NEW DELHI — India on Thursday deported seven Rohingya immigrants, who have been staying in Assam illegally, to their country of origin Myanmar, in a first such move.
The illegal immigrants were detained in 2012 and since then they had been lodged in Cachar Central Jail in Assam's Silchar.
"Seven Myanmarese nationals have been deported today. They were handed over to the authorities of Myanmar at Moreh border post in Manipur," Assam Additional Director General of Police (Border) Bhaskar J Mahanta told PTI over phone.
Consular access had been given to Myanmar diplomats, who confirmed the identity of the immigrants, Mahanta said.

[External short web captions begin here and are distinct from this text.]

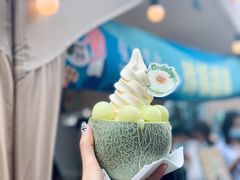 哈密瓜冰淇淋-玲婧胡同·生日蛋糕·餐厅(嘉里城店)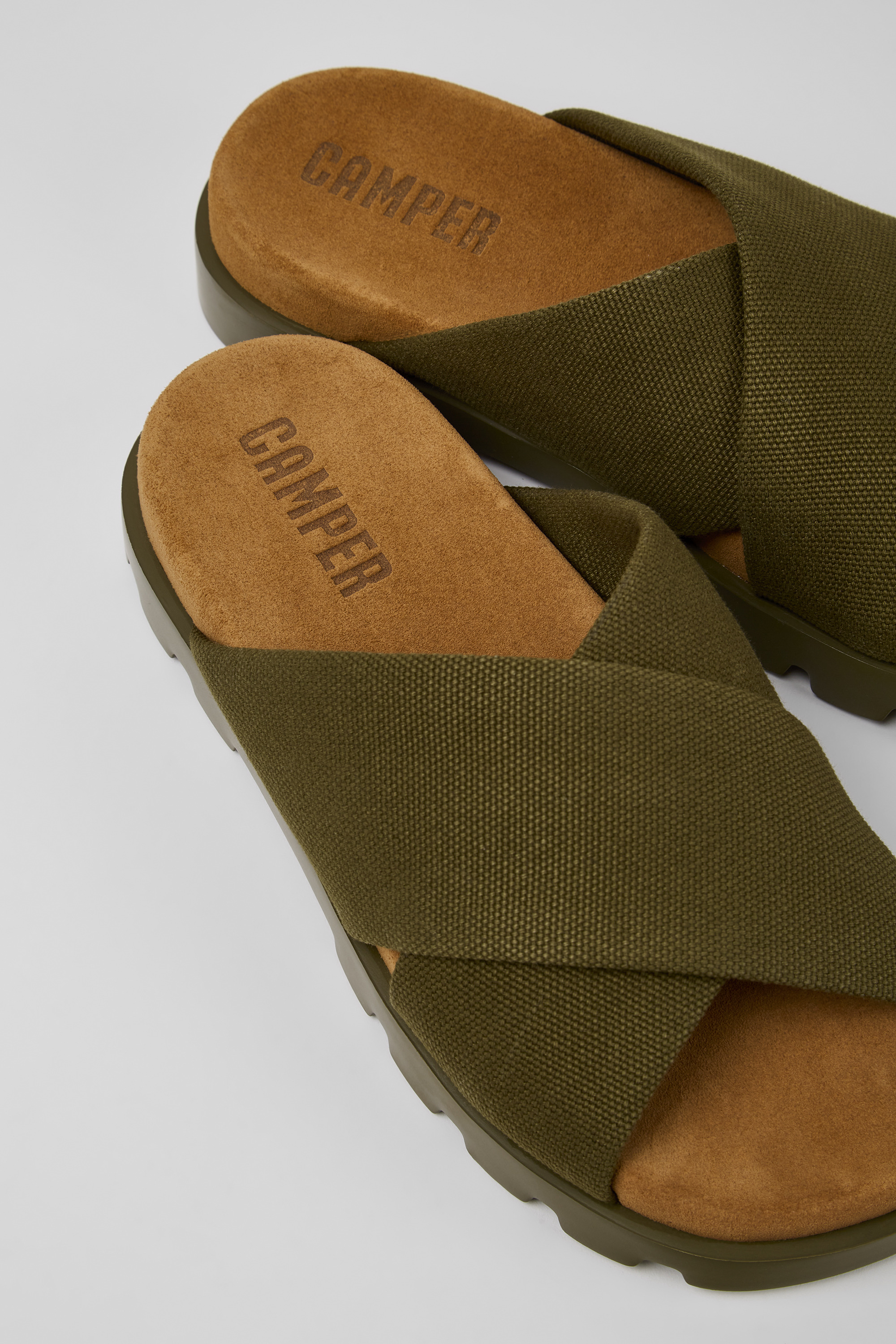 Brutus Sandal - Grün recycelte Baumwollsandalen für Frauen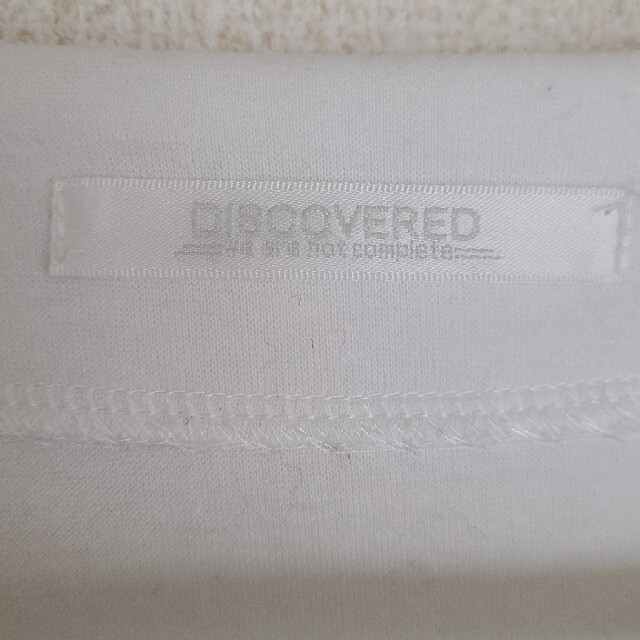 DISCOVERED(ディスカバード)のDISCOVEREDディスカバード Tシャツ ホワイト メンズのトップス(Tシャツ/カットソー(半袖/袖なし))の商品写真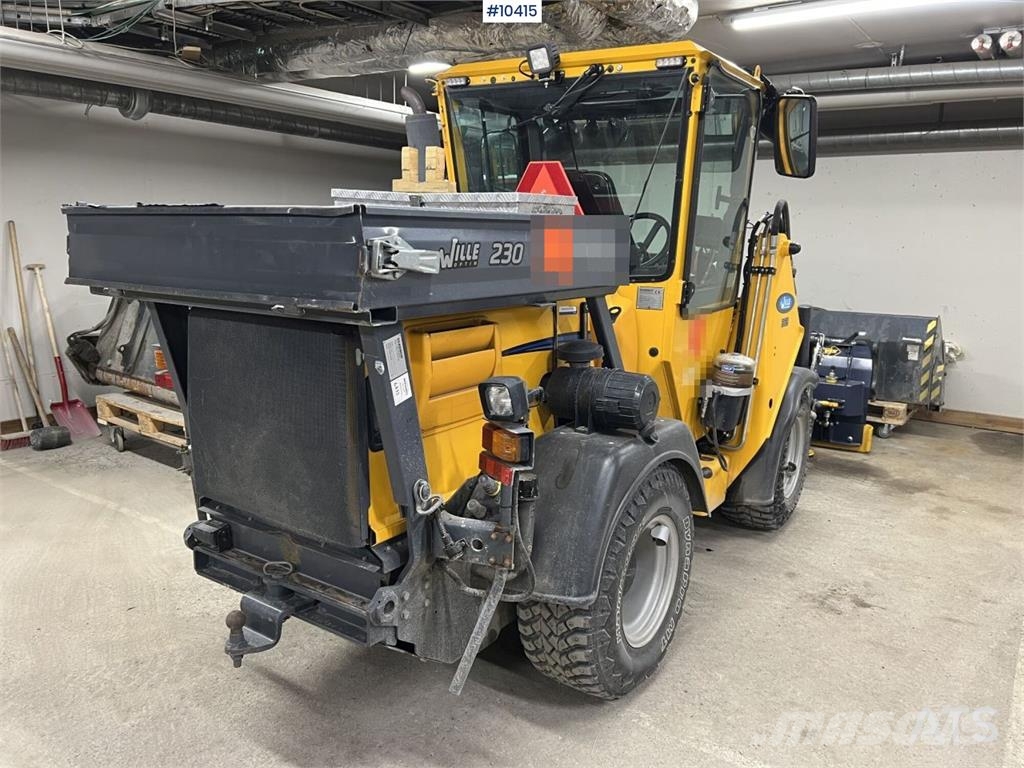 Wille 365C Tool Carrier لوادر بعجل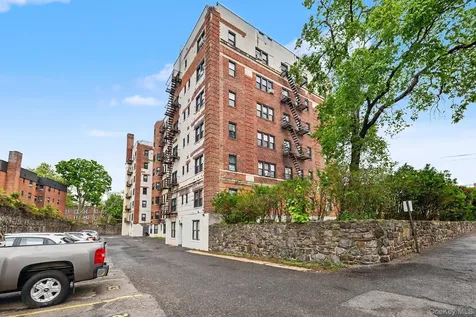 485 Pelham Road New Rochelle NY 10805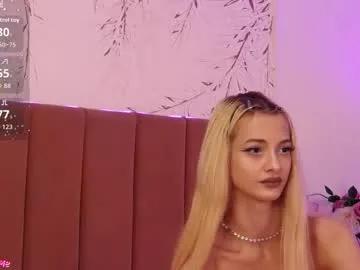 Freechat pinkyspark on Chaturbate
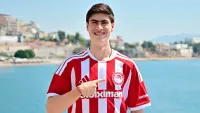 ¿Debutará? "Hormiga" ha sido convocado con Olympiacos: Cuándo y dónde verlo imagen del post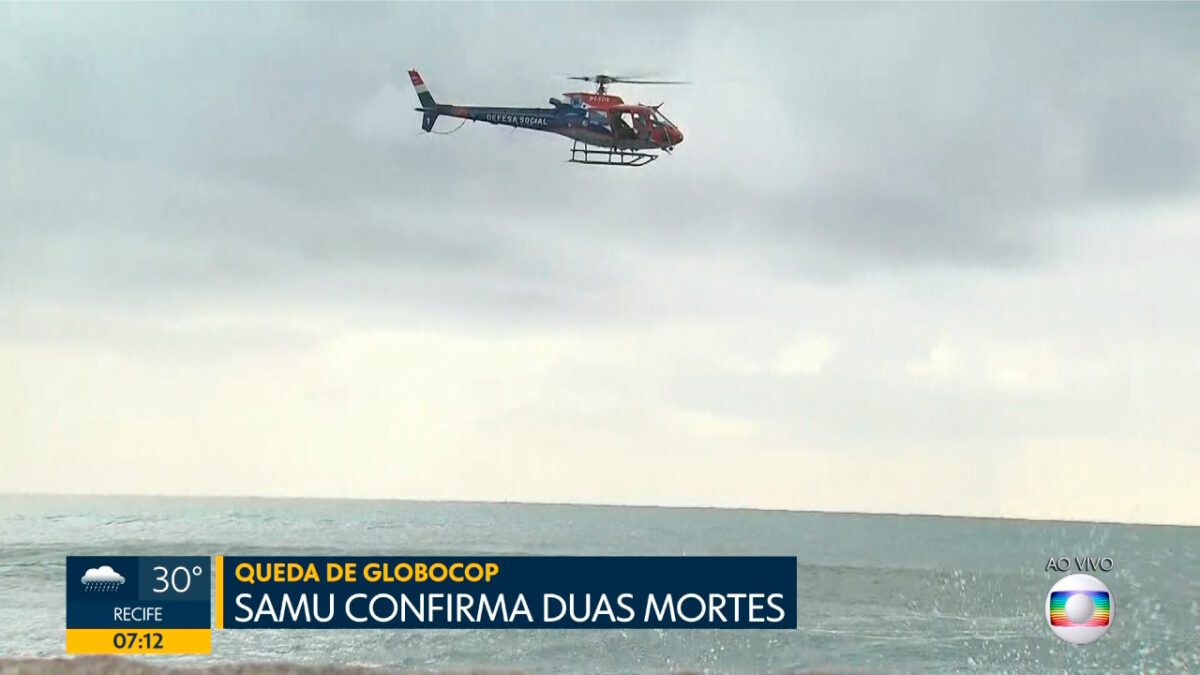 Helicóptero da Globo cai próximo a praia no Recife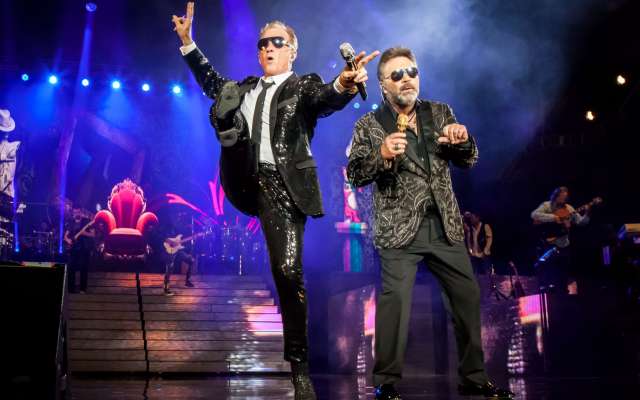 Los cantante siguen de gira con “Twor Amigos 2”, show que han presentado en más de 50 ocasiones en distintos recintos del país. Foto: Especial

The confirmation of the Myanmarese citizenship of the illegal immigrants came after the government of the neighbouring country verified their addresses in Rakhine State and all of them were given travel documents by Myanmar.
This is for the first time Rohingya immigrants were sent back to Myanmar from India.
Earlier in the day, the Supreme Court rejected the plea made by one of the Rohingya refugees seeking to restrain the Centre from deporting them to Myanmar.
Allowing the deportation of the seven Rohingya Muslims, the Supreme Court said they were found by the competent court as illegal immigrants and have been accepted by their country of origin as citizens.
"Having considered the prayer, we would not like to interfere with the decision taken. The petition is dismissed," a bench comprising Chief Justice Ranjan Gogoi and Justices S K Kaul and K M Joseph said.
"Even the country of their origin has accepted them as its citizens," it said.
The Centre told the apex court that the seven Rohingya illegally migrated to India in 2012 and were convicted under the Foreigners Act.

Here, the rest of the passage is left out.